C. Environmental Attributes; Other Products. Environmental attributes are the credits, benefits, emissions reductions, environmental air-quality credits and emissions-reduction credits, offsets, and allowances resulting from the avoidance of the emission of a gas, chemical, or other substance attributable to the solar project during the term of the PPA, together with the right to report those credits. Environmental attributes are sometimes called “green tags,” “green tag reporting rights,” or “renewable energy credits.” The PPA should make it clear that investment tax credits, solar energy incentives (such as those that may be provided under a state program), and any other environmental attributes necessary to generate the quantity of power being sold to the purchaser are not part of the environmental attributes and thus are not being conveyed to the purchaser.

The seller will usually warrant title to and the current eligibility of the attributes but will not universally warrant the future use or value of the attributes or whether and to what extent they will be recognized by law after a change in law. Instead, the seller will often agree to spend up to a negotiated amount of money (either annually and/or in total) to maintain the value and use of environmental attributes after a change in law. Once that financial cap is reached, the seller is under no further obligation to spend money in an effort to shield an offtaker’s environmental attributes from a change in law. As a result, the purchaser assumes some risk that the law or the market might change in a way that reduces the value of the environmental attributes. To the extent the buyer is entitled to future environmental attributes, there is typically an agreed-upon allocation regarding future costs associated with seller becoming eligible to provide such future environmental attributes.

In addition, parties should address whether capacity and other ancillary services are part of the product being sold. If they are part of the product, then there may be a guarantee of performance for capacity delivered under the applicable regulatory construct, with damages payable for any shortfalls. If they are not part of the product, then the seller should confirm that its energy sales under the PPA do not conflict with its plan to monetize the capacity and/or ancillary services separately from the PPA. Further, sellers should be cognizant that corporate offtakers will often require the seller to prioritize energy and renewable energy credit deliveries over capacity or ancillary services sales.

D. Allocation of Taxes and Other Charges. The PPA should specify who pays any sales, excise, or other taxes arising from the transaction. Although most states do not tax wholesale energy sales, the parties may wish to consider allocating the tax liability that might result from future legislation.

V. Permitting and Development.

A. Commitment to Develop. The PPA will make the project owner responsible for developing and constructing the project.
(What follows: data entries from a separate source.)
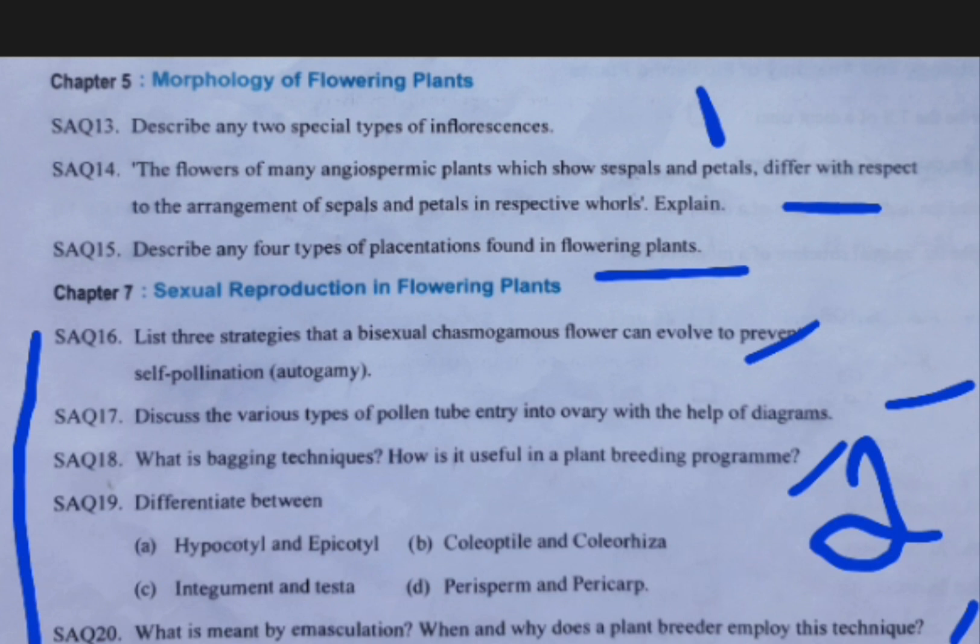Next, coming to the ovules. How many types of ovules are there? Three types: they are orthotropous, anatropous, and campylotropous. Their respective diagrams and examples you should prepare.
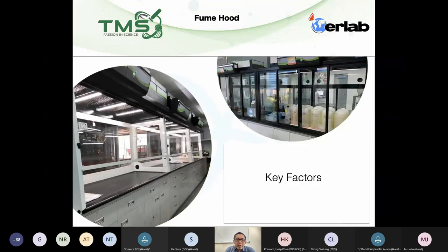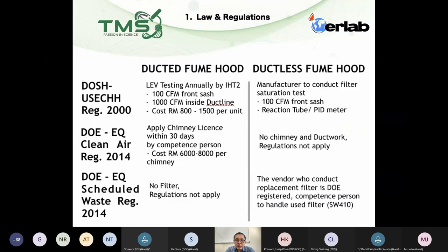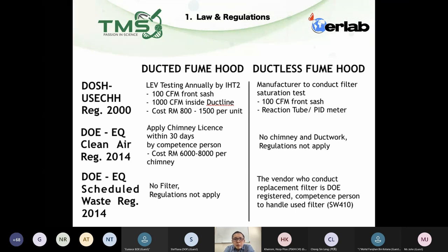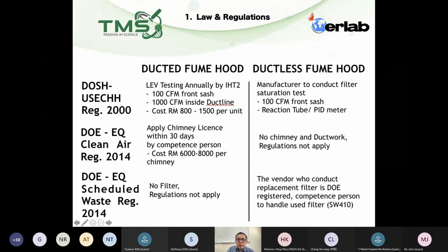Now let's look at key factors when considering a fume hood — ducted or ductless. This is a basic introduction; for more information you can talk to your CHRA and also your hygiene technician. I'll compare the ducted fume hood and the ductless fume hood so you have an objective understanding of what to consider.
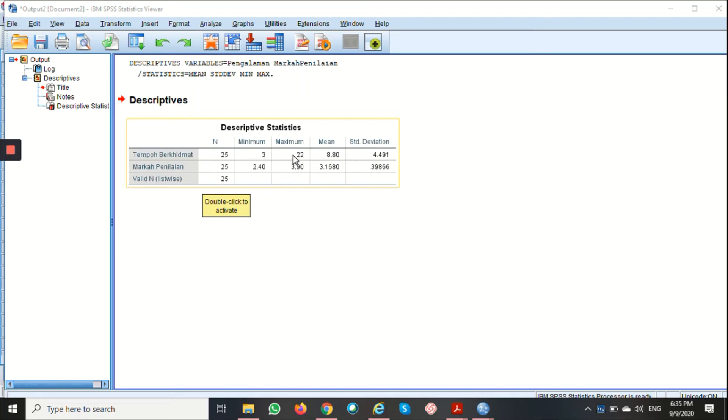The Maximum is 22 years, and the Mean for Tempo Berkhidmat is 8.8 years with the Standard Deviation of 4.491.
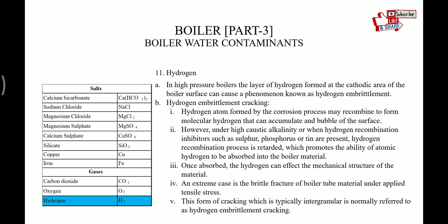In high pressure boilers, the layer of hydrogen formed at the cathodic area of the boiler surface can cause a phenomenon known as hydrogen embrittlement cracking. Hydrogen atoms formed by the corrosion process may recombine to form molecular hydrogen that can accumulate and bubble off the surface. However, under high caustic alkalinity, or when hydrogen recombination inhibitors such as sulfur, phosphorus, or tin are present, the hydrogen recombination process is retarded. This promotes the ability of atomic hydrogen to be absorbed into the boiler material. Once absorbed, the hydrogen can affect the mechanical structure of the material. In an extreme case, brittle fracture of the boiler tube material can occur under applied tensile stress. This form of cracking, which is typically intergranular, is referred to as hydrogen embrittlement cracking.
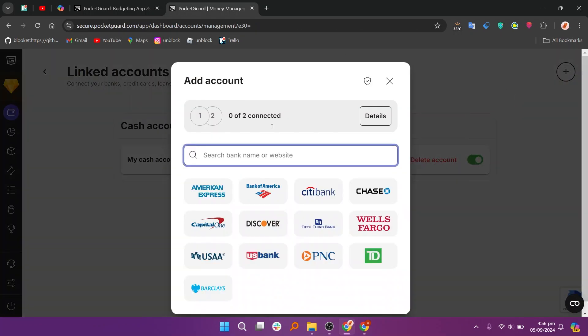From here, you can add your Platinum Business Card by selecting it from the list and following the steps to complete the process.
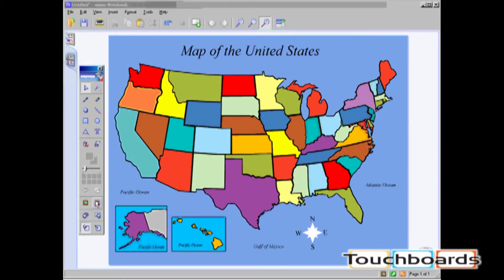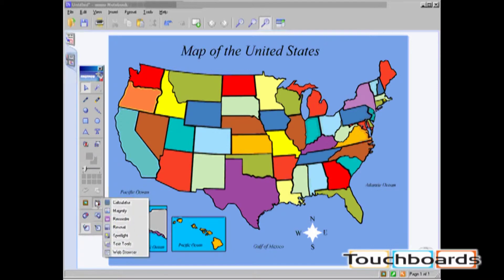The Spotlight can be reshaped, resized, and moved around the screen. To launch the Spotlight tool, click on the Applications icon on your Mimeo toolbar and then click Spotlight.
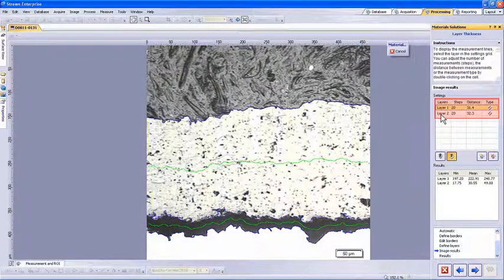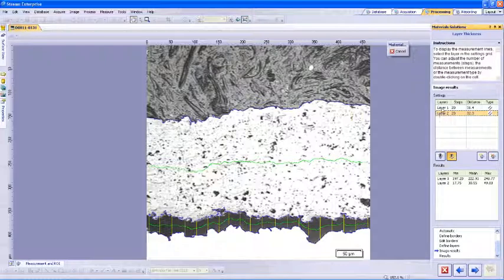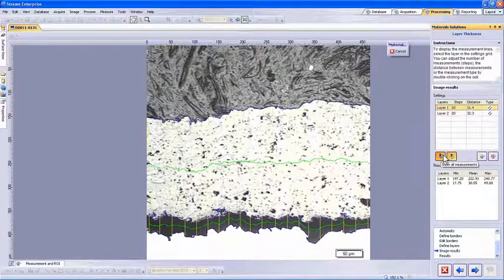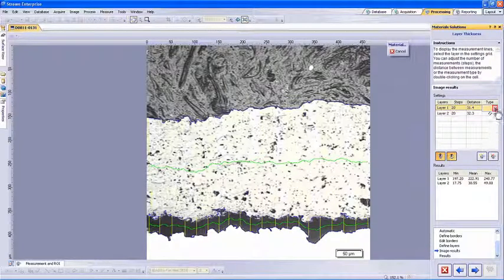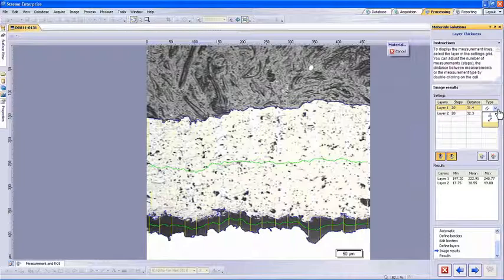We can now see the individual measurement results of the two layers. We can select layer 2 here to display the yellow measurement lines for the second layer. We can also display all measurement lines at once by selecting the Show All button. To select a different measurement type, click on the down arrow button. There are three types of measurements we can use for the layer: Parallel, Perpendicular, and Shortest Distance. The parallel is our default one and aligns the measurements parallel to each other along the layer. Perpendicular will align them perpendicular with the neutral fiber line in green. And Shortest Distance will only show the measurement lines with the shortest distance in the layer.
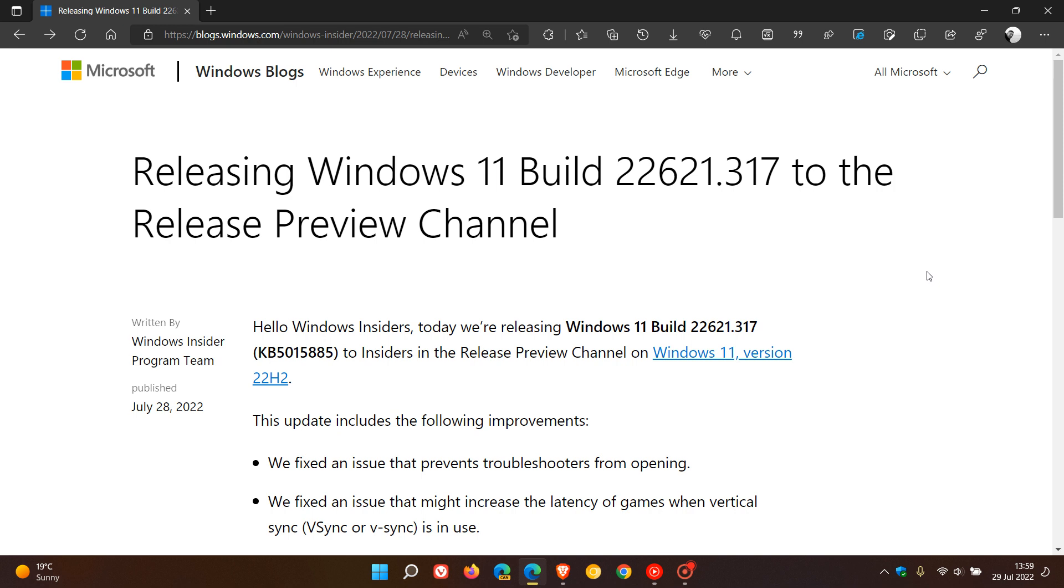Now, as I mentioned earlier today, every channel in the Insider program received an upgrade or update. This is the final one which rolled out late yesterday.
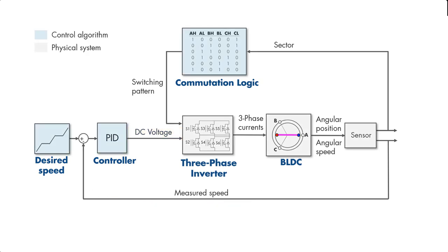Here, note that the commutation logic also belongs to the control algorithm, which is shown with light blue on the diagram. And all the components of the physical system are shown with light gray.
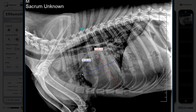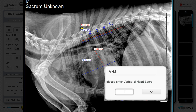Transfer this long axis measurement to the vertebrae, starting at the cranial edge of T4, and count the number of vertebrae that fall within the line measurement. Draw the fourth line to transfer the short axis measurement to the vertebrae, starting at the cranial edge of T4, and count the number of vertebrae that fall within the line measurement.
Many negotiations revolve around what the seller will or will not be required to do to develop the project, as well as the off-ramps that each party has if the project does not achieve certain stated milestones.

B. Status Reports. The buyer is typically interested in the ongoing development of the project because it needs to know when the energy will be delivered onto its system or when it will need to take a hedge position. As a result, the PPA usually requires the seller to deliver regular reports to the buyer about the status of permitting and construction.
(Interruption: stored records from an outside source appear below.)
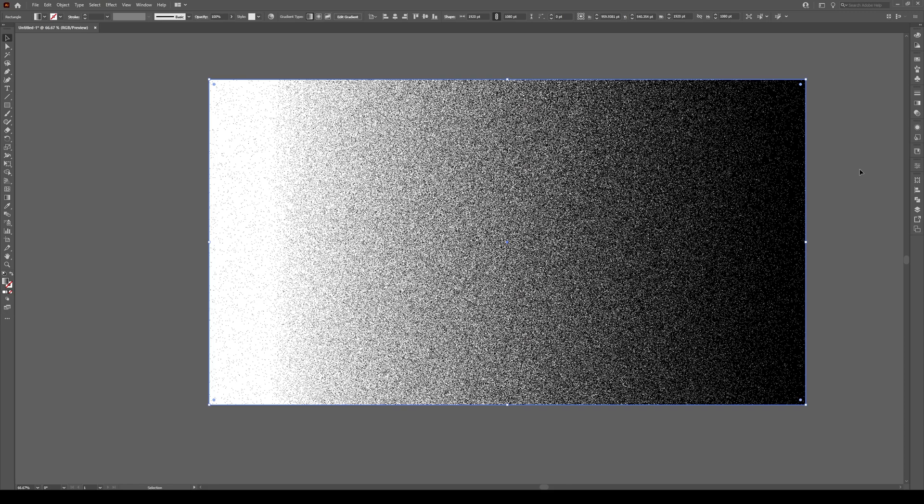Now, we have our Grain Effect, but we can't see our image. Well, all we have to do is go to the Transparency panel right here, click on that, and switch this from Normal to Multiply.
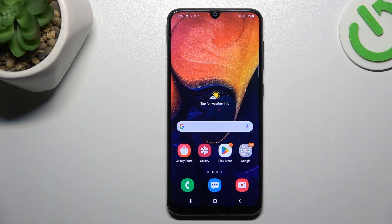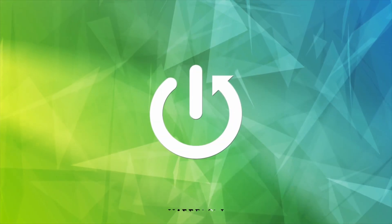Hello guys! Today I'm going to show you how you can install two WhatsApp applications on a Samsung Galaxy A50.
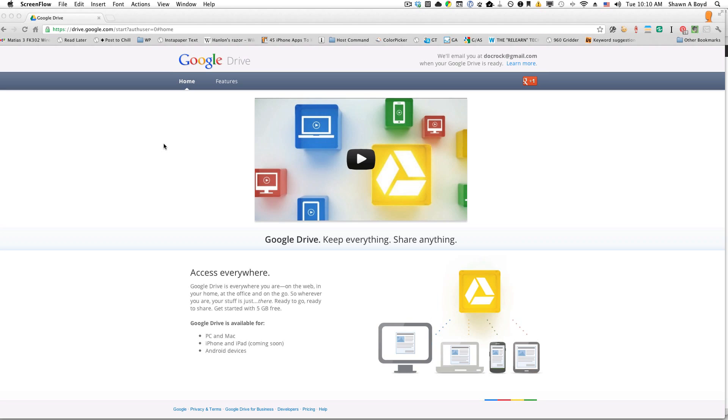But if you're just curious and you want to play, what you may find if you have a Google hosted service like a professional email account—for instance, this is my traditional Doc Rocket Gmail.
C. Milestones and Delay Damages. The PPA often includes a schedule of certain project milestones (e.g., the date by which the seller must secure project financing, the date by which equipment must be ordered, the date by which all permits and the interconnection agreement must be in place, and the commercial operation date). If the seller fails to achieve a milestone, the buyer may have a right to terminate the PPA, collect delay damages, or require the seller to post additional credit support. The seller will therefore want to limit the number of milestones and bargain for some flexibility, especially in cases when a delay in achieving an interim milestone is not likely to delay a project’s completion date. Sellers would prefer PPAs that provide that the buyer’s only remedy if the seller fails to meet a project milestone is to terminate the PPA without recovering damages; however, it is very rare that a PPA provides for termination without damages. Buyers are concerned that such structure would give the seller a right that resembles a put and strongly prefer to require the seller to suffer some consequences if project milestones are missed. Many interesting negotiations revolve around the off-ramps that the seller will have versus the damages it will pay to the buyer if it fails to build the project in accordance with the PPA. A common middle ground is for the seller to agree to pay delay damages up to an agreed-on cap (often the credit support posted by the seller during development), which defines the limits of the seller’s exposure if the project is not built but gives the seller an incentive to use diligent efforts to finish the project on time.
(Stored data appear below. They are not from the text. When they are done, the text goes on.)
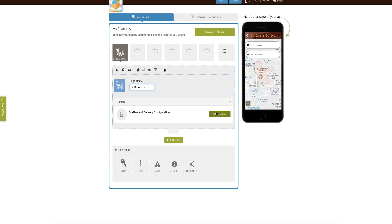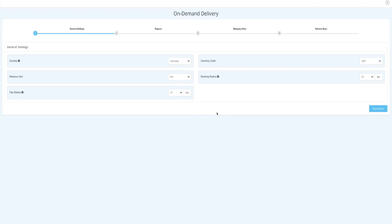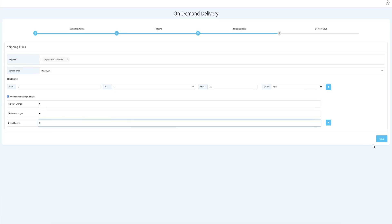Once you have done that, you simply need to do some settings like set up the country where you're located, set up the region, and set up the radius under which you need to take all these orders from. And then comes the fun part.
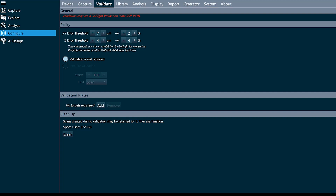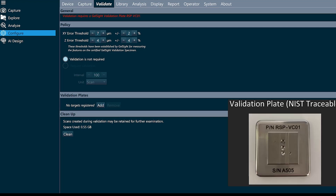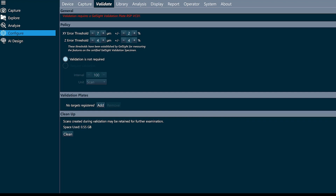This requires an extra plate. The first thing that we'll do is upload the XML file that corresponds with my validation target. I can see on my target that my serial number is A556, so I'm going to upload the XML file for A556.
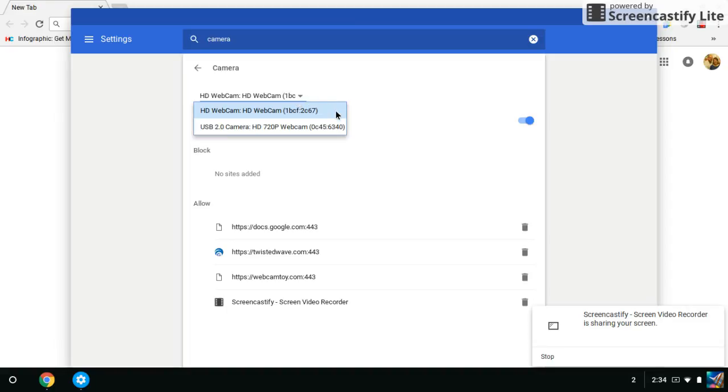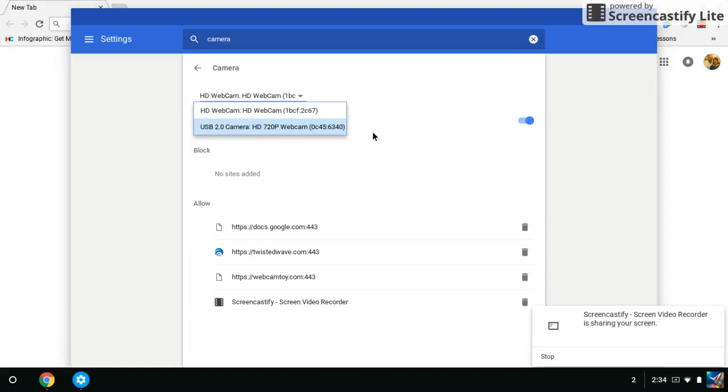Now, right now I'm using the HD webcam and I can't change it because it will change my recording settings. But what you'll need to do is you'll need to click on the USB camera HD 720p. See, yours might look different but it should say something like USB, okay, so once you've done that,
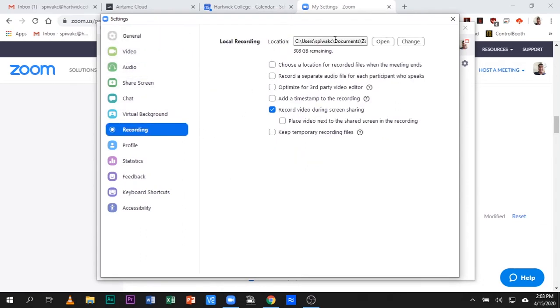And here you will see the location for local recordings. If you click Change, you can now assign it to any folder you want.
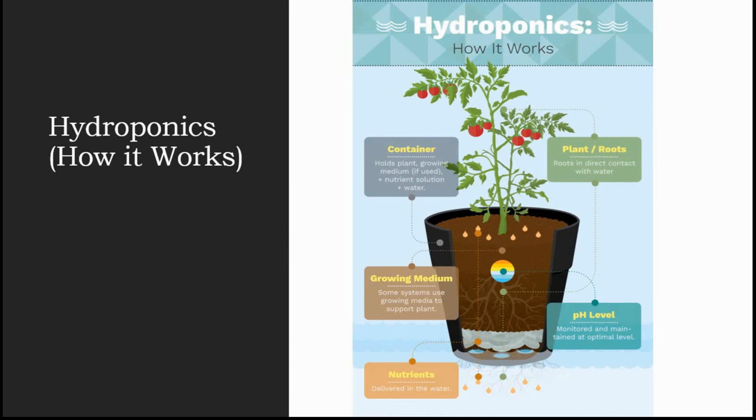We will just end this video now and in the next session we will see how to buffer our coco peat for using it in our hydroponic system. Till then goodbye and have a nice day.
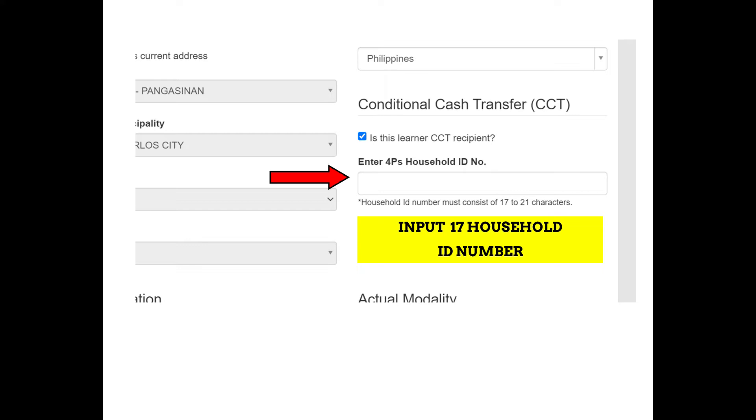So, i-enter na ninyo ang 17 digits na household ID number ng mga beneficiaries.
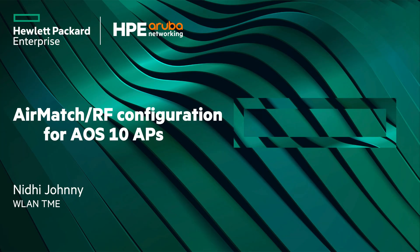Hi, I'm Nidhi Joni. I'm a Wireless LAN Technical Marketing Engineer and in this video, we will look into the configurable parameters for AirMatch in HPE Aruba Networking Central for AOS 10 APs.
VI. Interconnection and Transmission. The PPA will require the seller to bear the cost of interconnection (including any network upgrades required by the new project) and all costs of transmitting the energy to the delivery point. If the seller is the project owner (as opposed to a marketer), it will also be responsible for negotiating the interconnection agreement with the transmission provider. The buyer will be responsible for arranging and paying for transmission from the delivery point. (For more information on interconnection and transmission-related issues, see Chapter 5.)

VII. Performance Incentives. Although a seller would prefer to enter into an “as-delivered” PPA, which means that the seller is obligated to deliver only what the project actually produces, PPAs today will require the seller to warrant or guarantee that the project will meet certain performance standards. Such guarantees usually enable the buyer to recover all or part of its incremental cost of purchasing replacement power and environmental attributes in the market to the extent that the project fails to perform as expected. Performance guarantees enable the buyer to plan around the plant’s expected output for both load and, if applicable, Renewable Portfolio Standard (“RPS”) compliance, and strongly encourage the seller to maintain a reliable and productive project.

A. Output Guarantees. The PPA may include an output guarantee to the buyer. An output guarantee requires the seller to pay the buyer if the project’s output over a specified period fails to meet a specified level, after taking into account output lost because of force majeure, curtailments, or maintenance or other agreed-on subtractors. The period is typically annual or biannual (although there are occasionally seasonal guarantees in today’s PPA market). The reason to establish the guarantee over longer time periods is to minimize the impact of particularly low or high solar irradiation years.

B. Availability Guarantees. An availability guarantee requires the solar arrays in the project to be available a certain percentage of the time, after excluding hours lost to force majeure, curtailments, and a certain amount of scheduled maintenance and other excused non-available hours. Mechanical-availability percentages usually range from 90 to 95 percent, but they may have a lower percentage in the first measurement period. Mechanical-availability guarantees had become rare in utility PPAs where the utility had RPS obligations to satisfy, but they are standard in PPAs where the offtaker is a corporate or industrial user, due to accounting issues that cause these offtakers to prefer an availability guarantee over an output guarantee.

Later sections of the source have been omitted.